> _RECORD SET_
————
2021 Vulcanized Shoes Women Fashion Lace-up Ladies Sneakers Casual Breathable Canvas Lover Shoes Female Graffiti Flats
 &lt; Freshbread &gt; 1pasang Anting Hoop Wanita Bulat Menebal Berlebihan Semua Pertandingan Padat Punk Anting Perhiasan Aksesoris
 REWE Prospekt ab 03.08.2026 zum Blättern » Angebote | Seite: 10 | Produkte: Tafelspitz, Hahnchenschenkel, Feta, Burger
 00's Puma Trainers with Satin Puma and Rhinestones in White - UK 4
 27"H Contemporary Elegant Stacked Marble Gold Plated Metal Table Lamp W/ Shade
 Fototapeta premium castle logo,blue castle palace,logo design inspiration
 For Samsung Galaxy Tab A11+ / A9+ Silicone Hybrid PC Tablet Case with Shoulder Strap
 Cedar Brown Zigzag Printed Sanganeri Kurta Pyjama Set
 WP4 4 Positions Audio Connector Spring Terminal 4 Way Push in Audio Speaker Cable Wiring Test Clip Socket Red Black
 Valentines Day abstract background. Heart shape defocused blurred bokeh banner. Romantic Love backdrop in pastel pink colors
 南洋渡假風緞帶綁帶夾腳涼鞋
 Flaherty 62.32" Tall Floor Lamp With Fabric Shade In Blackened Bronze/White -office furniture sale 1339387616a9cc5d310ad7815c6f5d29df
————
The line containing "For Samsung Galaxy" marks the start; retype it and each line after it through the end of the records above, exactly.

 For Samsung Galaxy Tab A11+ / A9+ Silicone Hybrid PC Tablet Case with Shoulder Strap
 Cedar Brown Zigzag Printed Sanganeri Kurta Pyjama Set
 WP4 4 Positions Audio Connector Spring Terminal 4 Way Push in Audio Speaker Cable Wiring Test Clip Socket Red Black
 Valentines Day abstract background. Heart shape defocused blurred bokeh banner. Romantic Love backdrop in pastel pink colors
 南洋渡假風緞帶綁帶夾腳涼鞋
 Flaherty 62.32" Tall Floor Lamp With Fabric Shade In Blackened Bronze/White -office furniture sale 1339387616a9cc5d310ad7815c6f5d29df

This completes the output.